Solving the Mythical Man-Month: Scale Out Programming

Solving the Mythical Man-Month: Scale Out Programming

The Mythical Man-Month: Essays on Software Engineering has itself taken on a mythical status among engineers and engineering leaders.  One of the core concepts introduced in the book by Fred Brooks is that there is a limit to parallelism in software projects.  Quoting from the book: "Men and months are interchangeable commodities only when a task can be partitioned among many workers with no communication among them."  The author observes further that some tasks, much like the gestation of a baby in a womb, can't be accelerated through parallelism.  He therefore argues adding more engineers, to a project (particularly late in the project), only serves to slow the project down.

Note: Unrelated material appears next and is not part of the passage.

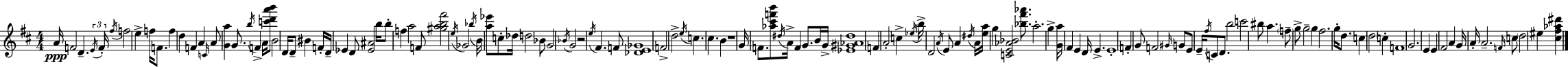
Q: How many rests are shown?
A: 2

From what I have seen over the last 20 years, I think there has been a significant, yet under-reported, shift in how large software systems are engineered.  We're now seeing examples of very large complex software systems being engineered in a way where tasks have been partitioned among many workers and communication overhead has been minimized.  I am coining the phrase "scale-out programming" to describe this phenomenon and will describe a few examples where I think we're now seeing an entirely new style of software development.

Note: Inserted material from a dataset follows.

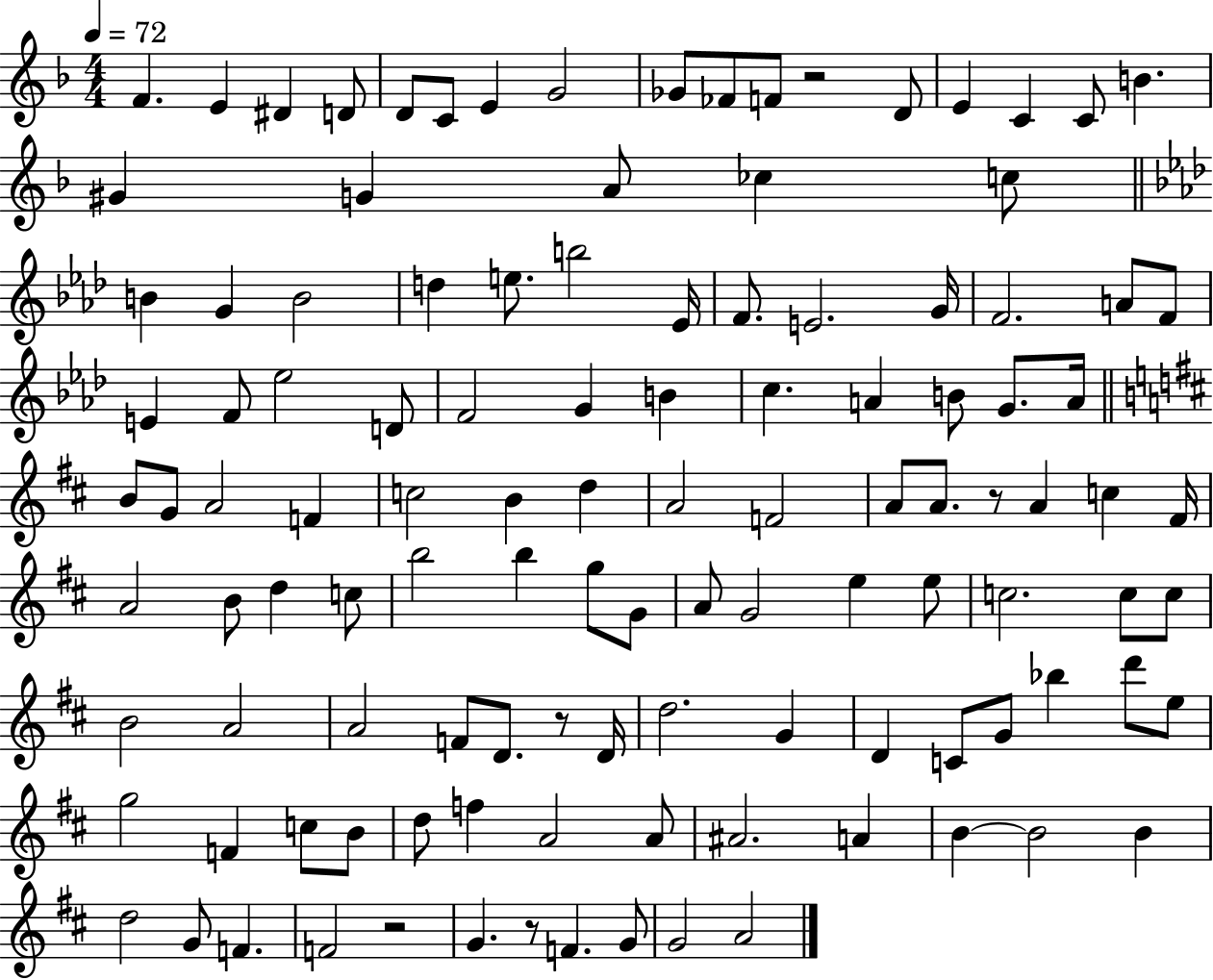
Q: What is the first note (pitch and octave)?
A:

First, a refresher on scale-out vs. scale-up.  These terms are most frequently used when thinking about how to distribute computational work onto physical computers.  The idea behind scale-up is that you continue to need and want a single machine to get more and more powerful.  You can write a single program that can rely on incredibly high-speed communication and access to shared memory to perform computational work.  Classically larger and larger databases to handle bigger and bigger jobs against more and more data require a more and more powerful host... unless you find a way to distribute the work among many nodes in a way that minimizes the communication overhead.  This latter technique is termed scale-out.  Instead of using a more and more powerful machine, you use many machines to scale-out the work. 

There's an equivalence in software programmers.  Through a combination of experience, judgment, typing speed, code editing prowess and a preternatural ability to see and reorganize code in their heads, some programmers are the equivalent of scale-up machines.  They are "10x" more powerful than the average programmer.  I have not seen empirical evidence in support of the concept of a "10xer programmer" and the best I can tell this phrase was adapted from the investigation Jim Collins' did into companies that did empirically outperform their peers by 10x over a given period for his book Great by Choice: Uncertainty Chaos and Luck—Why Some Thrive Despite Them All and then the concept was applied to programmers.  But I will also say that anyone in the tech industry, while almost universally demurring when it comes to referring to themselves as a 10xer, will acknowledge there are people they have worked with who simply outproduce others by many multiples.  I refer to these masters of their craft as "scale-up programmers". 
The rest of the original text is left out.